* Source information
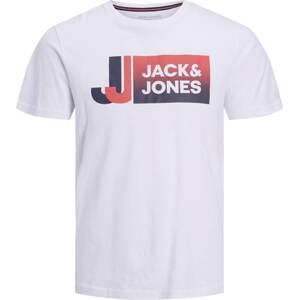 Tričko jack & jones marine modrá / světle červená / bílá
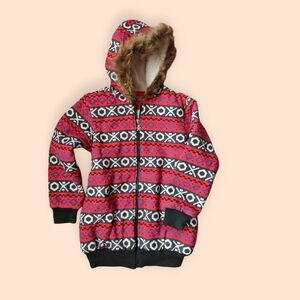 Red and black/white vintage faux fur hooded zip up jacket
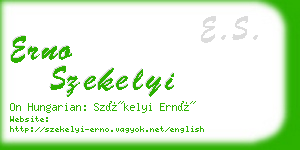 erno szekelyi business card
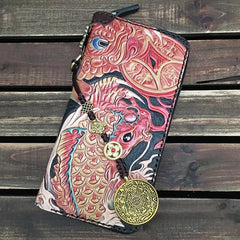 Black Handmade Carp Toad Tooled Leather Long Biker Wallet Black Chain Wallet Clutch Wallet For Men - imessengerbags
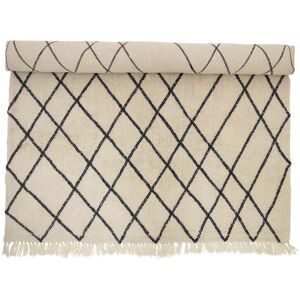 Bloomingville - Tapis en laine 300 x 200 cm, motif de losanges, beige/ noir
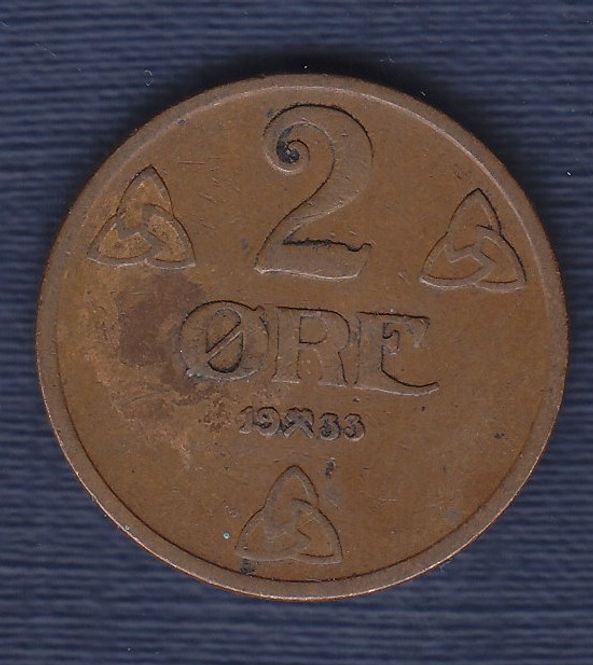 Hovedbilde 2 øre 1933 kv. 1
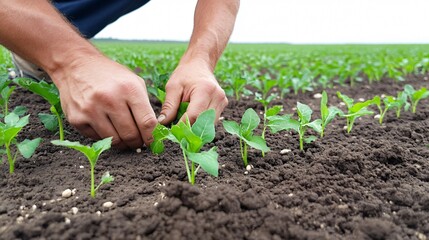 A farmer tends to young plants in a lush, green field, nurturing them for growth and sustainable agriculture.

* Exercise details
Retype every entry verbatim and exclude the pictures from the copy.

* Exercise answer
 Tričko jack & jones marine modrá / světle červená / bílá
 Red and black/white vintage faux fur hooded zip up jacket
 erno szekelyi business card
 Black Handmade Carp Toad Tooled Leather Long Biker Wallet Black Chain Wallet Clutch Wallet For Men - imessengerbags
 Bloomingville - Tapis en laine 300 x 200 cm, motif de losanges, beige/ noir
 Hovedbilde 2 øre 1933 kv. 1
 A farmer tends to young plants in a lush, green field, nurturing them for growth and sustainable agriculture.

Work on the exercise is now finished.